If you are about to take a place of business, you will do well to consider the following remarks:
Let us take the case of a person who has no intimate knowledge of any particular trade, but having a very small capital, is about to embark it in the exchange of commodities for cash, in order to obtain an honest livelihood thereby. It is clear, that unless such a person starts with proper precaution and judgment, the capital will bo expended without adequate results; rent and taxes will accumulate, the stock will lie dead or become deteriorated, and loss and ruin must follow. For the least absorption acting upon a small capital will soon dry up its source; and we need not picture the trouble that will arise when the mainspring of a tradesman's success abides by him no more.
The case of the larger capitalist can scarcely be considered an exception to the same rule. For it is probable that the larger capitalist, upon commencing business, would sink more of his funds in a larger stock - would incur liability to a heavier rent; and the attendant taxes, the wages of assistants and servants would he greater; and therefore, if the return come not speedily, similar consequences must sooner or later ensue.
Large or small capitalists should, therefore, upon entering on a shop-keeping speculation, consider well the nature of the locality in which they propose to carry on trade, the number of the population, and the habits and wants of the people, and the extent to which they are already supplied with the goods which the new adventurer proposes to offer them.
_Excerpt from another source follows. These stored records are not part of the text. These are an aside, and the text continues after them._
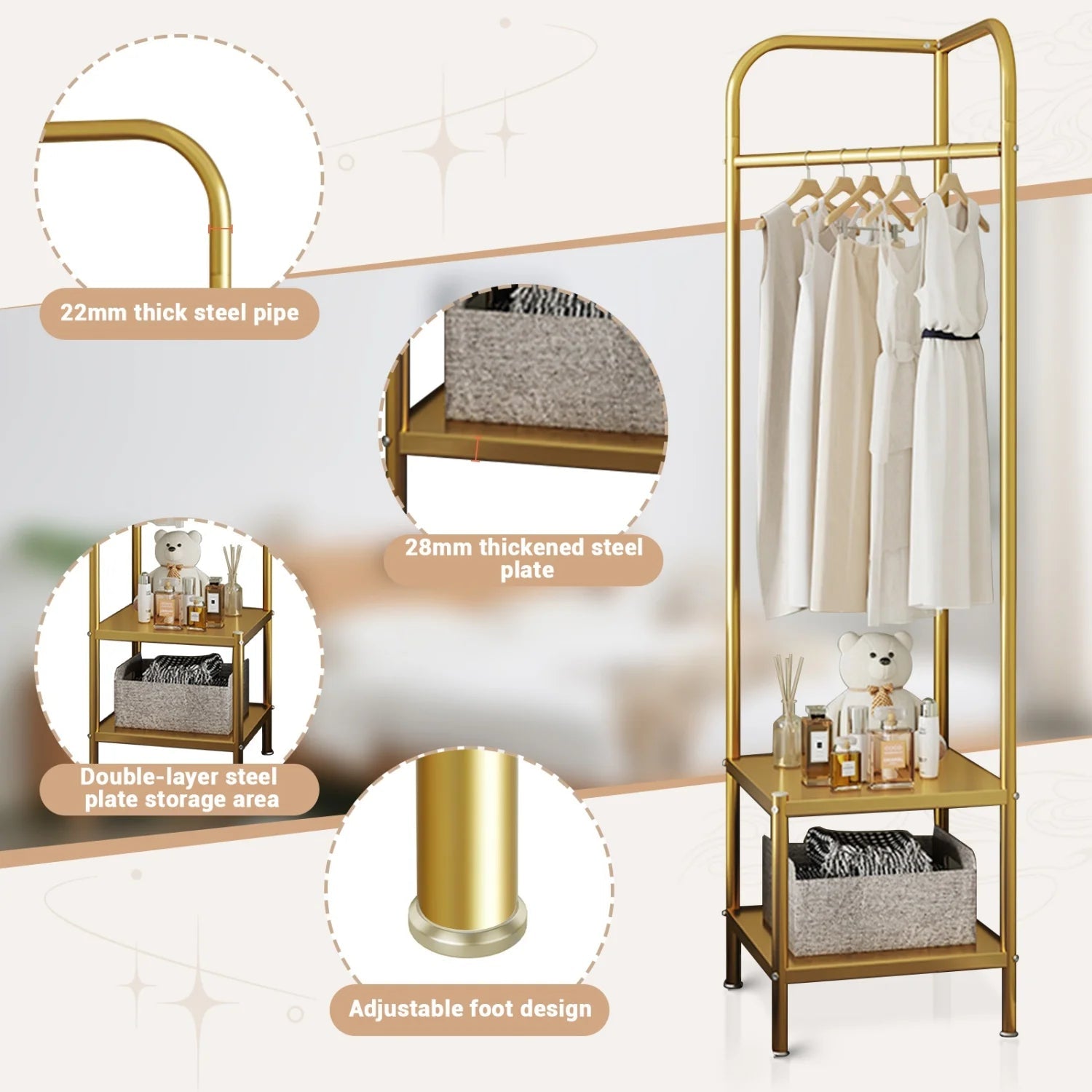 Metal Corner Coat Rack,Freestanding Coat Stand,Clothes Rack Clothes Stand,Clothing Rack Coat Hanger Stand for Entryway Hallway - Recipeliebe.com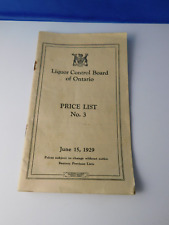LIQUOR CONTROL BOARD OF ONTARIO PRICE LIST #3 VINTAGE 1929 STORES LIST CANADA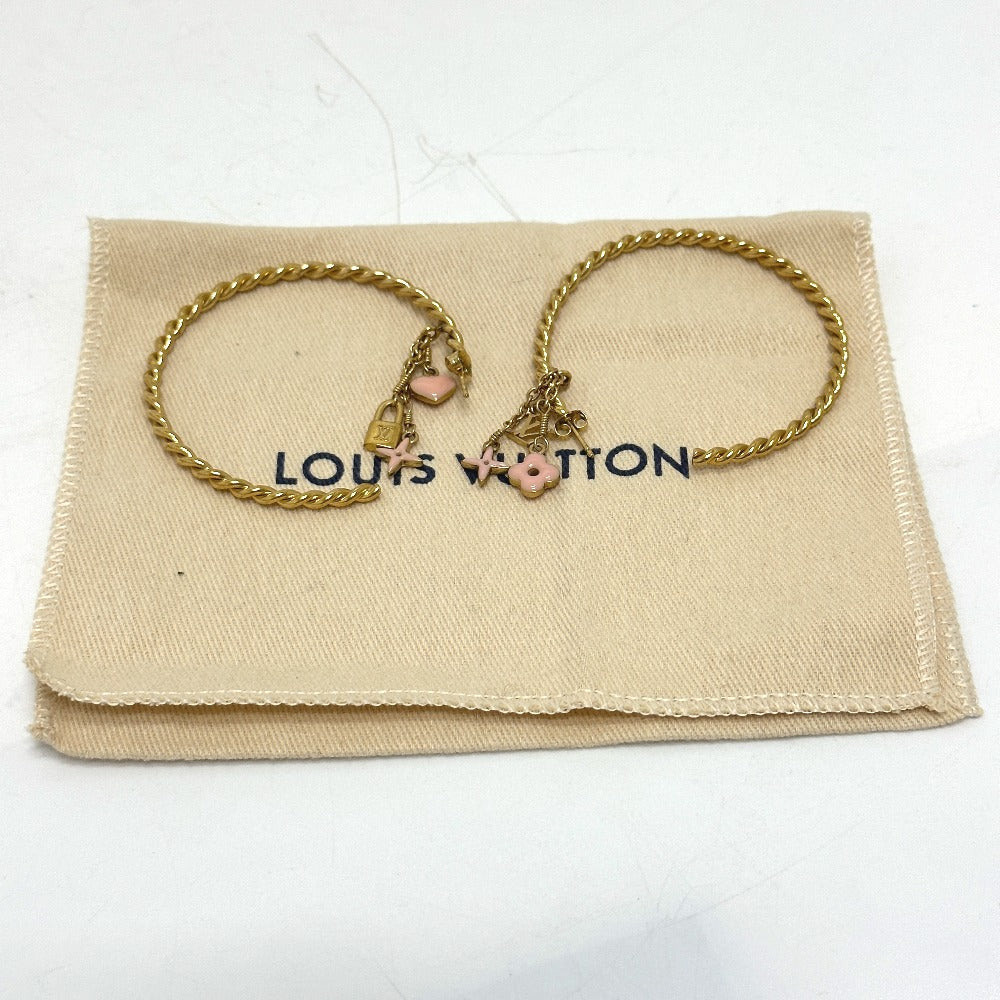 LOUIS VUITTON Pierce M65481 metal pink Accessories Creole Sweet Monogram Women Used Authentic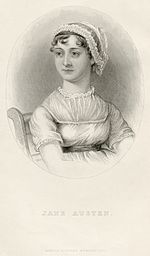 Portrait de Jane Austen publié dans A Memoir of Jane Austen en 1870, gravé d'après une aquarelle de James Andrews de Maidenhead, elle-même tirée du portrait fait par Cassandra Austen.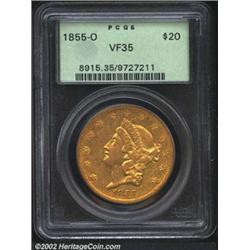 1855-O $20 VF35 PCGS. Richly detailed for the grade, with only the tips of the eagle's wings worn. L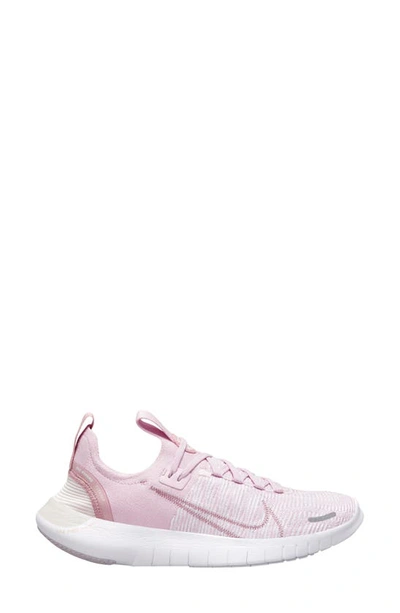 Nike Free Run Flyknit Next Nature Running Shoe In Pink Foam/white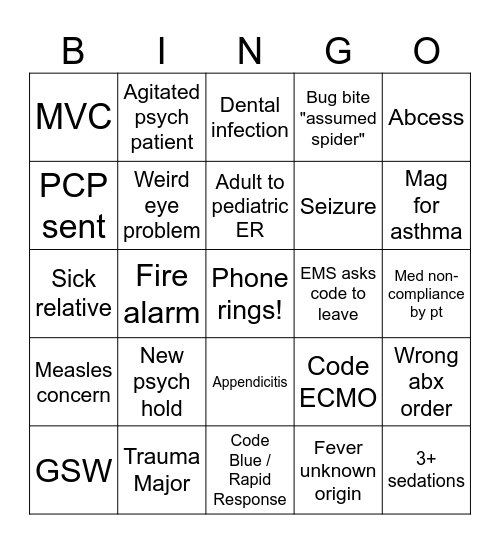 ER Bingo Card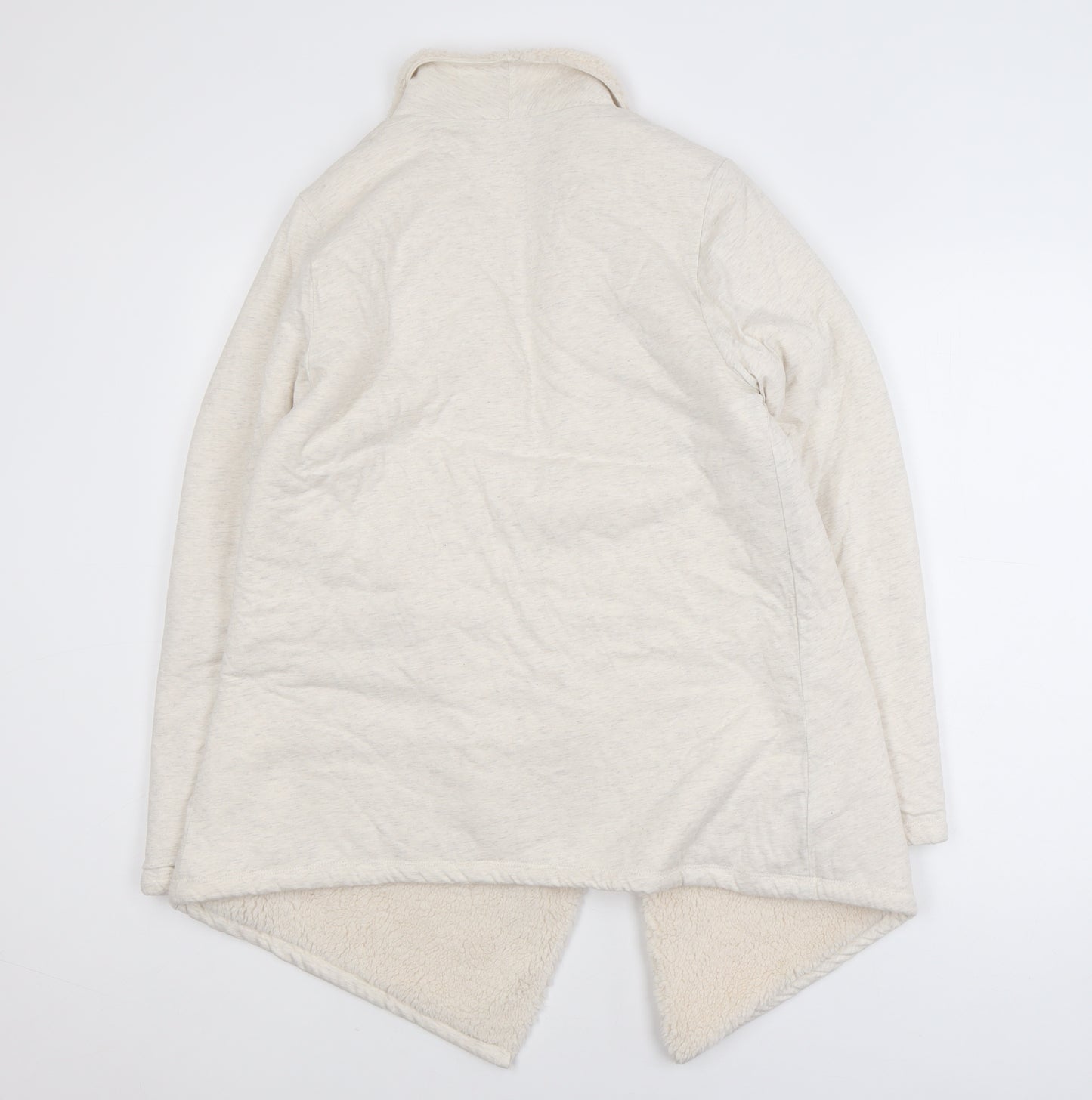 Marks and Spencer Womens Ivory Size 12 Lined Fleece Coatigan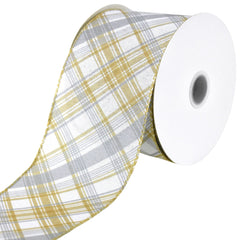 Earth Tones Diagonal Plaid Wired Ribbon, 10-yard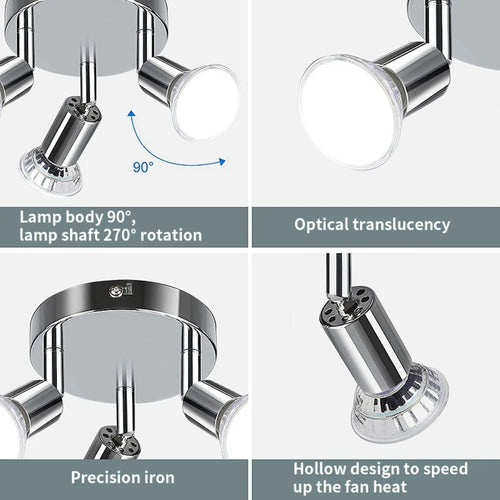 Plafonnier triple spot chrome noir brillant gu10 - vue 8 sur 8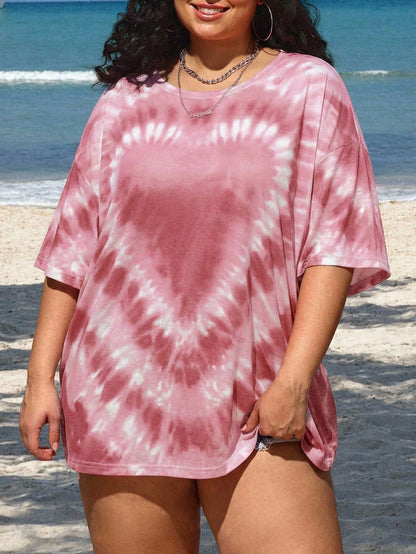 CURVE+ Plus Size Women Heart Tie-Dye Print Loose Dropped Shoulder T-Shirt, Summer Tops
There is a tendency among small capitalists to rush into new neighborhoods, with the expectation of making an early connexion. Low rents also serve as an attraction to those localities. We have found, however, in our experience, that the ealy suburban shops seldom succeed. They are generally entered upon at the very earliest moment that the state of the locality will permit - often before the house is finished the shop is tenanted, and goods exposed for sale - even while the streets are unpaved, and while the roads are as rough and uneven as country lanes. The consequence is that, as the few inhabitants of these localities have frequent communication with adjacent towns, they, as a matter of habit or of choice, supply their chief wants thereat; and the suburban shopkeeper depends principally for support upon the accidental forgetfulness of his neighbour, who omits to bring something from the better and cheaper market, or upon the changes of the weather, which may sometimes favour him by rendering a "trip to town" exceedingly undesirable.
2826. Failures - "While the grass is growing the horse is starving;" and thus, while the new district is becoming peopled the funds of the small shop-keeper are gradually eaten up, and he puts up his shutters just at the time when a more cautious speculator steps in to profit by the connexion already formed, and to take advantage of the now improved condition of the locality. It seems therefore desirable for the small capitalist rather to run the risk of a more expensive rent, in a well peopled district, than to resort to placee of slow and uncertain demand; for the welfare of the small shopkeeper depends entirely upon the frequency with which his limited stock is cleared out and replaced by fresh supplies.